When it comes to local media and news sources, the dilemma is different. Elite and well positioned news sources depicts the political life of the country, meaning that their news are mostly geared toward accounts of big political activities, such as Presidential travels and visits, opposition complaints, foreign investment, dignitaries visits, Diaspora news and international events in which the government participate. In short, those news sources attempts to present information from the perception of Africa to the rest of the world.
3. Acknowledge the Biases
In the U.S, it is often assumed that CNN is Pro-democrats, and Fox News is a Republican arm, regardless if true or not, that perception is very present in Africa as well; not in form of Republican or democrats of course, but they still play a short role.
From the day of colonization, Western Nations had strategic interests in Africa, and Political propaganda has insured that many Westerners view some African countries internal policies as beneficial or threatening to their way of life.
If your African news information is from a Western source, always consider the position of your country with the African country you are researching. Popular opinion is critical and very few Western media will say nice things about the Zimbabwe government for example. Western media will offer news based on the national interest of their home country. You will rarely read negative report about the Egyptian Government that has good relations with Washington, although it is not a beacon of Democracy, yet Zimbabwe, which has been a torn in their side, is demonized. This is not an attempt to justify the evil of some people, but it is worth considering that Western media will report information according to the way they wish a certain country to be viewed.
If you wish to avoid the biases of Western news outlet, you are better off searching for African news by African news outlets. There again, there is an often bias between Pro and anti government. Some news sources are government sponsored, while other are dedicated to discredit the government regardless of good deeds or not. In Africa the contrast is usually very strong, as you can read full articles of “official” news feed that praises the government unashamedly, while others are almost littered with insults. Very rarely will you find news source that are impartial, and it is usually very evident to distinguish the sources political leanings.
4. Identify the agendas
If for some reasons you are unable to filter official and supposedly professional news sources, do make use of independent news sources such as NGO’s and Think Tank. Because they are usually unaffiliated with any government, and their work is mainly based on empirical data and research, NGO and Think Tank do paint an educated and comprehensive picture of what is going on in Africa.

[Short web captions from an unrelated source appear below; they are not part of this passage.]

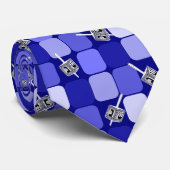 Patchwork Dreidels in Blue Stropdas (Opgerold)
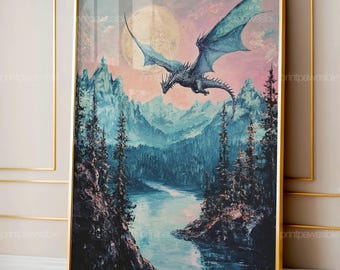 Dragon Soaring Over Forest Print, Fantasy Moonlit Adventure, Mystical Creature Wall Art, Digital Download, Printable Dragon Forest Poster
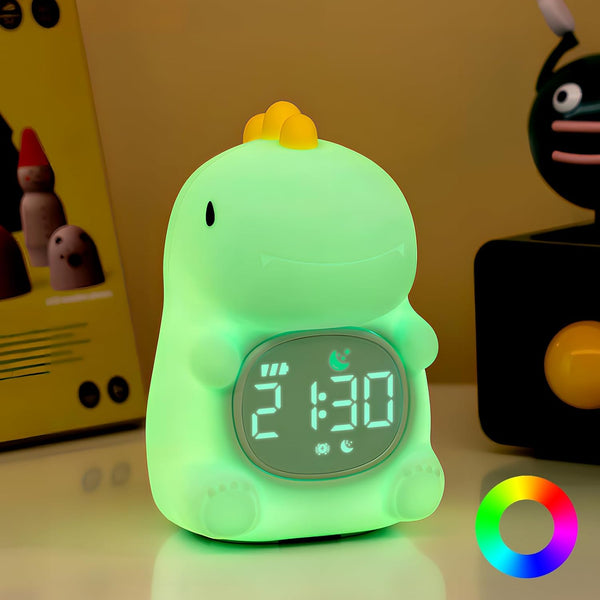 Dinosaurs Alarm Clock with Night Light for Kids with Sleep Training and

Most of their works are expanded toward a wide range of subjects that reflects a non-partial view of government activities, social realities and international implications.
If you obtain your news via NGOs or Think Tanks, you are most likely to have access to strong data, depending on the Think Tank, and hard core evidence of what is going on in the country you research.
The only problem presented by NGOs and Think Tanks is that they do have an agenda. The nature of their strong work is usually motivated by the mission to influence or advice a government to act toward an issue they view as important. Because of that agenda, those organizations often accentuate an issue to the point where it overshadows others, making it look like an exaggeration.
5. Check the blogs
Africa sends millions of its bright Sons and Daughters abroad to study in higher education, and loses other millions professionals in search of a better living. While the damages of this brain drain are considerable, the attachment all those Africans retain for their homeland represents a glimpse of hope.
Since they cannot directly be involve in official affairs in their home countries because of the distance or political threats, many member of the African Diaspora voice their opinions in blogs or personal websites.
The advantage of reading those opinionated blogs is that it offers a personal touch and reaction to all the other news you may have read.
Many are very knowledgeable in what they are writing, and approach it in a very professional way. They are not constrained by editorial control, so are free to give their honest, educated opinion on what they read, heard or experienced in and out of Africa.
If they are not that knowledgeable on African affairs anymore, many still have families abroad who can give them first account to report on what is happening.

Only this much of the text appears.